### Supplied material
+ + +

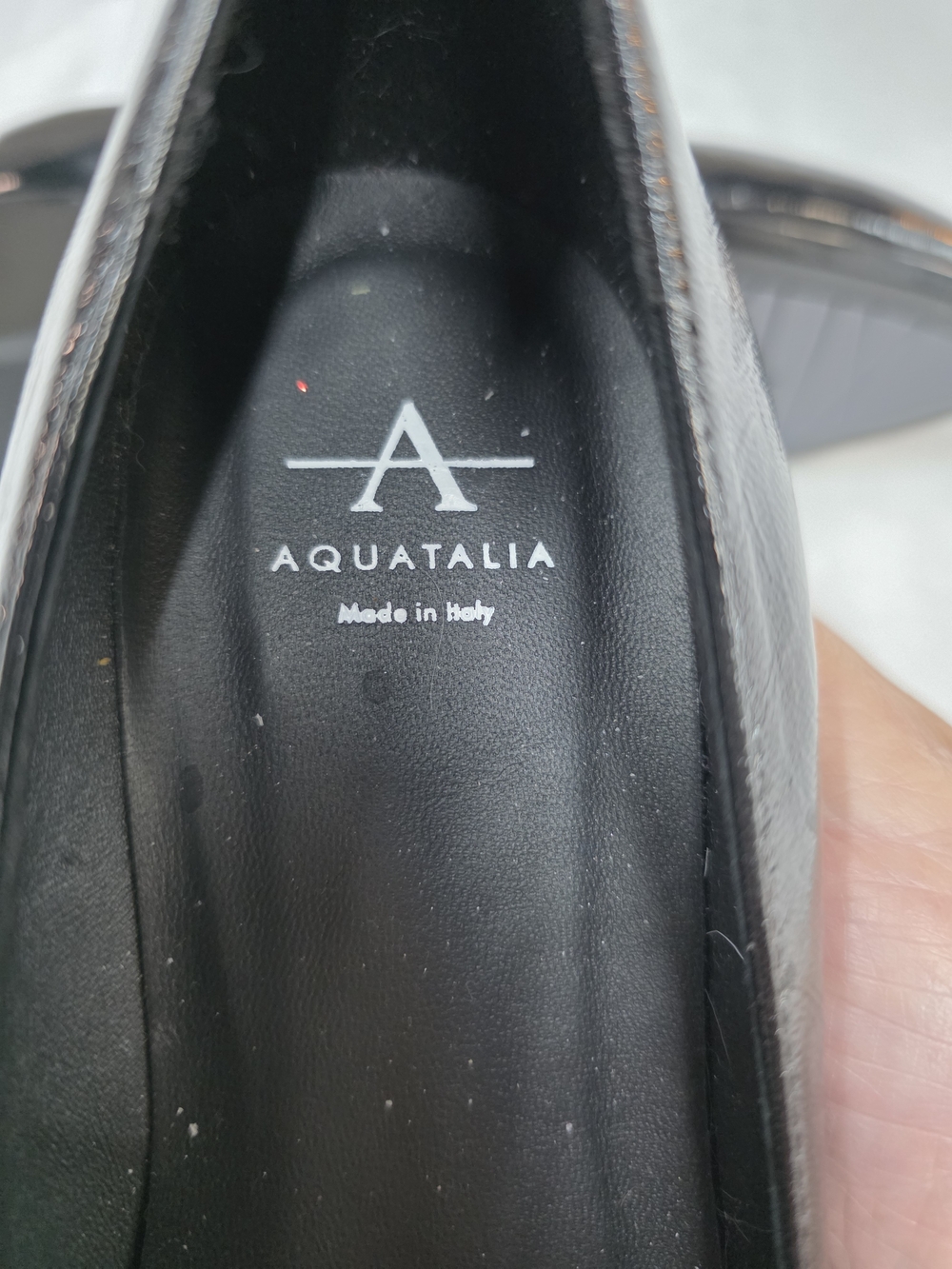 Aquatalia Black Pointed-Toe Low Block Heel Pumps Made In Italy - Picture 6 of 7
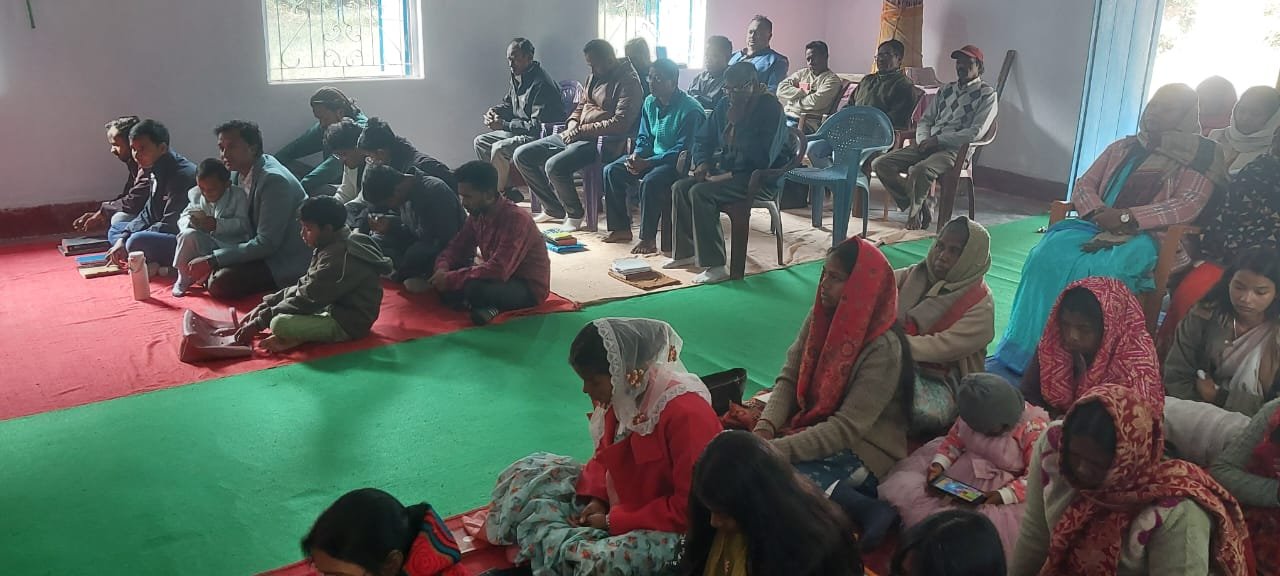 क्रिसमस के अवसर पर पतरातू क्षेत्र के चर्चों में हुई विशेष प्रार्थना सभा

+ + +

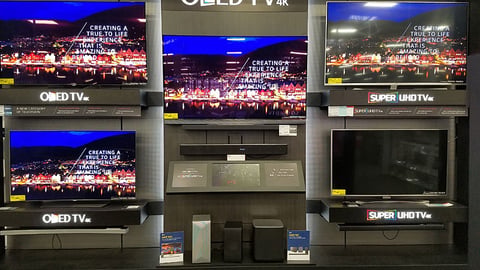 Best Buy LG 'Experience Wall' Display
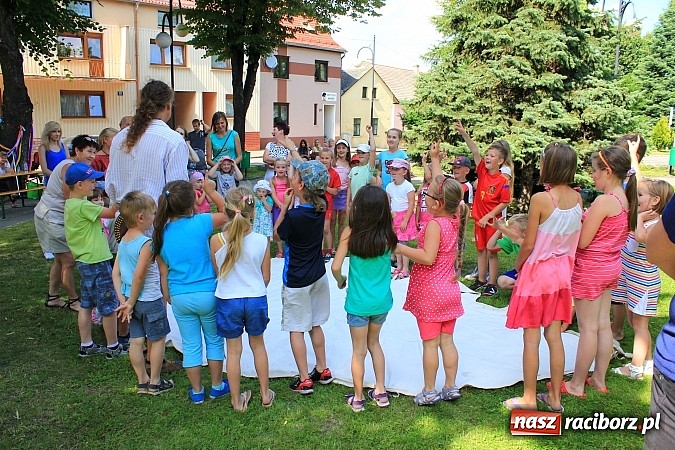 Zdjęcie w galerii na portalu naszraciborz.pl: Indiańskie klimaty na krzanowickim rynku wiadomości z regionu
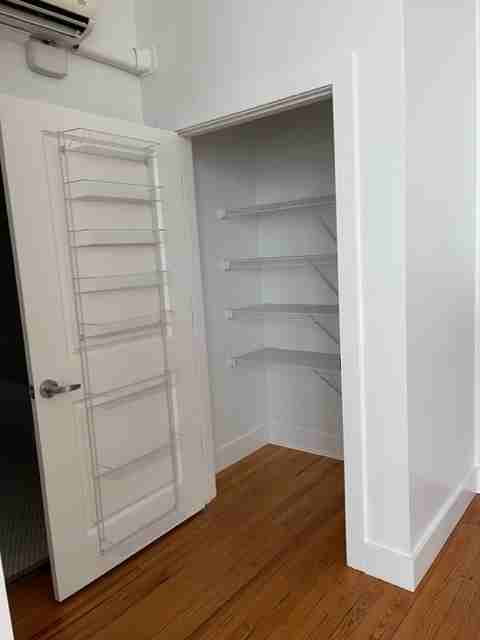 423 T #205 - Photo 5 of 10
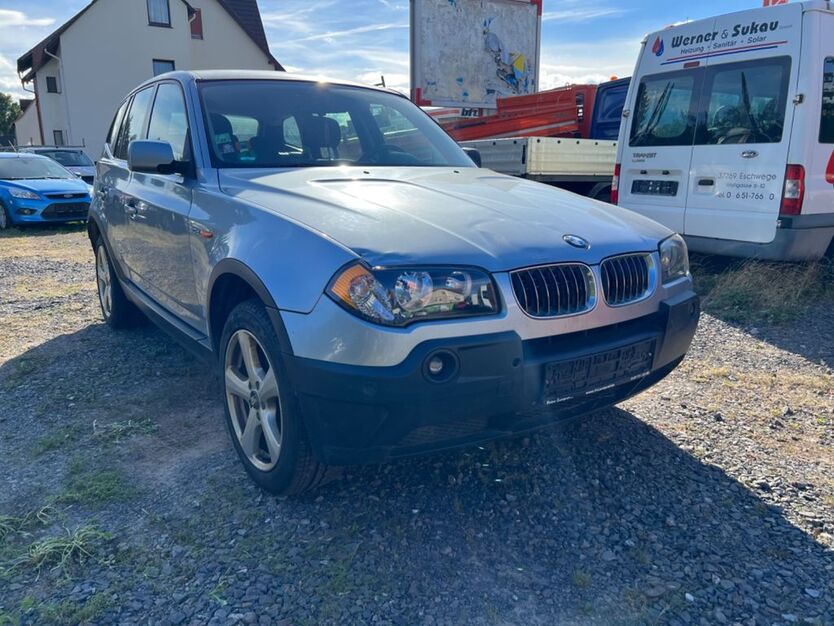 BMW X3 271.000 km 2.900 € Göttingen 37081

+ + +

Produce an exact reproduction of the listing above, limited to the lines starting at the line with "Best Buy LG 'Experience Wall' Display" and ending at the line with "BMW X3 271.000 km 2.900 € Göttingen 37081", both kept, with every picture left out.

 Best Buy LG 'Experience Wall' Display
 Zdjęcie w galerii na portalu naszraciborz.pl: Indiańskie klimaty na krzanowickim rynku wiadomości z regionu
 423 T #205 - Photo 5 of 10
 BMW X3 271.000 km 2.900 € Göttingen 37081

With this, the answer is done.